§ **Exercise prompt**
Output the exact lines that start at the one containing "Aimant Image par rayons X des os du cou" and continue to the last line of the entries below; do not output pictures.

§ **Data extracted from a collection**

* * * * * * * * *

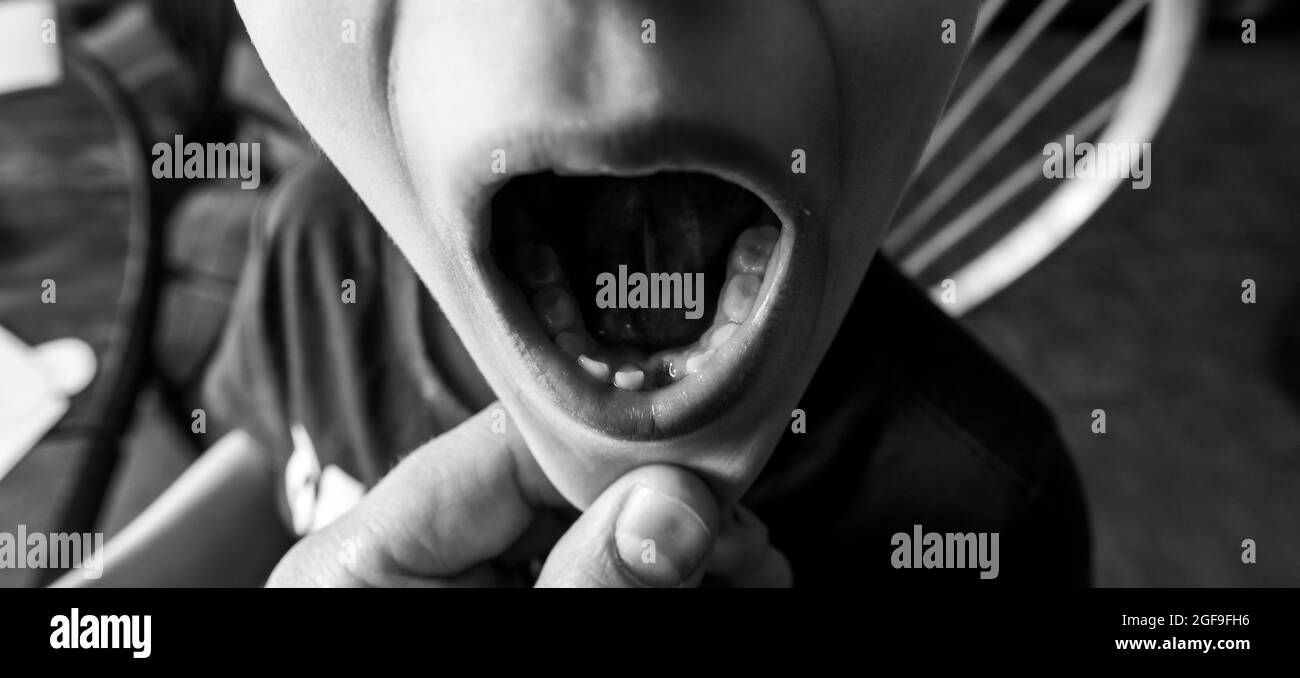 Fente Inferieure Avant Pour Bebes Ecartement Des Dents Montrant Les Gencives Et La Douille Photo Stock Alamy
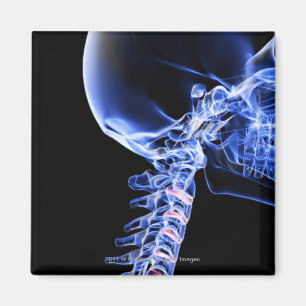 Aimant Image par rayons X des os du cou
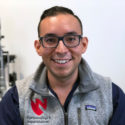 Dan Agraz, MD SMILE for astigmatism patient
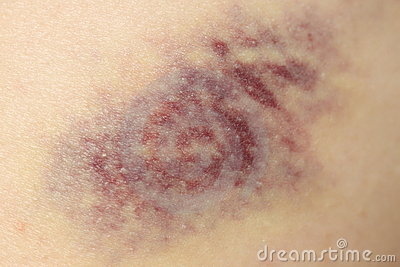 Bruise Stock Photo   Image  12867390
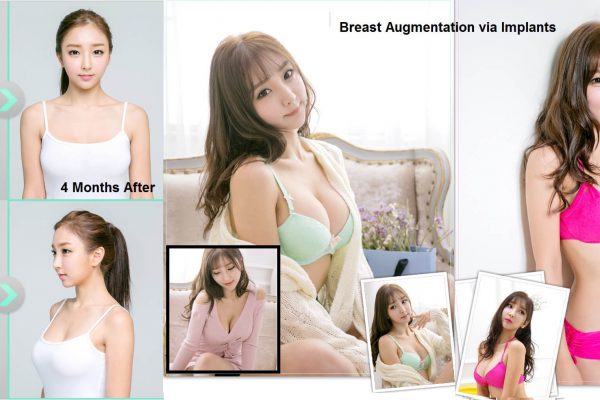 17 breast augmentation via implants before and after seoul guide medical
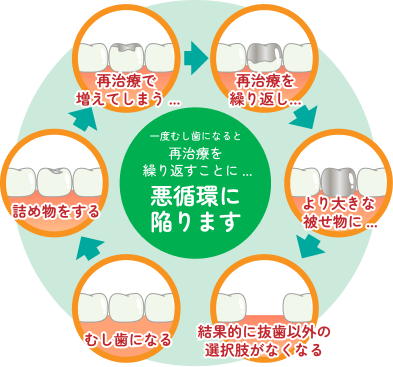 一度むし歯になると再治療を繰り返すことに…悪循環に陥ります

* * * * * * * * *

§ **Solution to this problem**
 Aimant Image par rayons X des os du cou
 Dan Agraz, MD SMILE for astigmatism patient
 Bruise Stock Photo   Image  12867390
 17 breast augmentation via implants before and after seoul guide medical
 一度むし歯になると再治療を繰り返すことに…悪循環に陥ります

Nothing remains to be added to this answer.